If Eichenwald’s characterization of the ranking as corrosive is accurate, leading as it did to workers “competing with each other,” then we can anticipate a truly disturbing reality to occur when teachers are held accountable for their students’ grade as significant percentages of their evaluations and compensation: Teachers will begin to use their students as weapons of mass instruction to defeat the students of the competing teachers, either in their own school or within the district.
This is a debilitating and ethically corrupt outcome that cannot be avoided if we continue to seek incentive-based, VAM approaches to teacher quality.
Education and teacher quality absolutely need to be reformed, but increasing the Cannibalistic Culture for teachers and students is not the path we need as a free people seeking universal public education as a central institution supporting democracy.

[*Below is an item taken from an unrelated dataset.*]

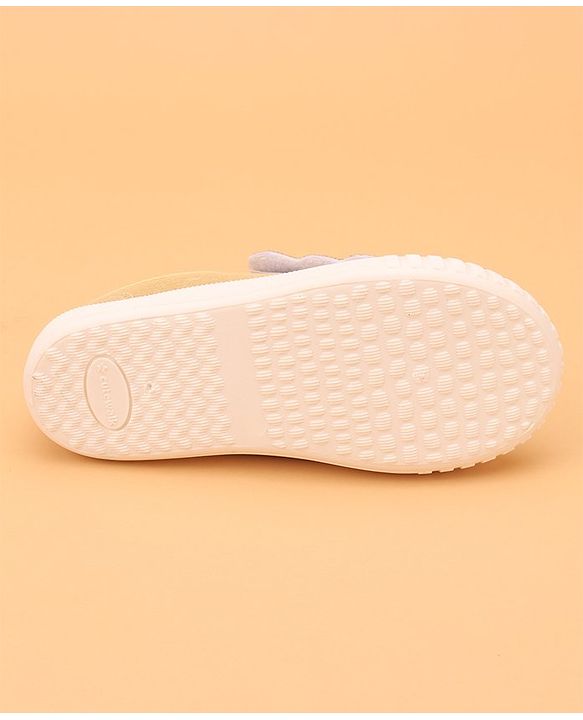 Cute Walk by Babyhug Slip On Glittery Casual Shoes - Gold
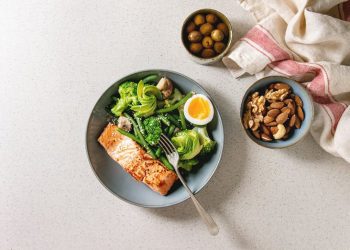 Konsumoni rregullisht këto ushqime që të largoni aknet nga fytyra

Education is a collaborative venture; a culture of competition is poison in the teaching/learning dynamic. Labeling, sorting, and ranking teachers and students is inexcusable in any form as long as we are genuinely committed to fostering a culture of collaboration necessary for learning.
The Cannibalistic Culture has created the winners who call for expanding that game. The Cannibalistic Culture benefits only the winners as it forces the status of loser upon most people regardless—again consider the stack ranking at Microsoft.
Teacher evaluation and education need to be reformed toward a culture of collaboration, a culture that encourages human interactions that are not about winning or losing and not about fighting for ever-shrinking pieces of the pie.
Public education and teacher quality reform currently being pursued is certain to drive good people from teaching and to ask less and less of both teachers and students. We have ample evidence from the disturbing Microsoft story being revealed to us, but we also have the stories of generations of teachers who know how education and teaching need to be supported and reformed.
Teachers want all students to succeed. Teachers want to be treated as professionals. Teachers want school conditions that support their work as educators.
Teachers do not want to use their students to outperform some other teachers’ students.
A Cannibalistic Culture will certainly create students as weapons of mass instruction that will destroy universal public education.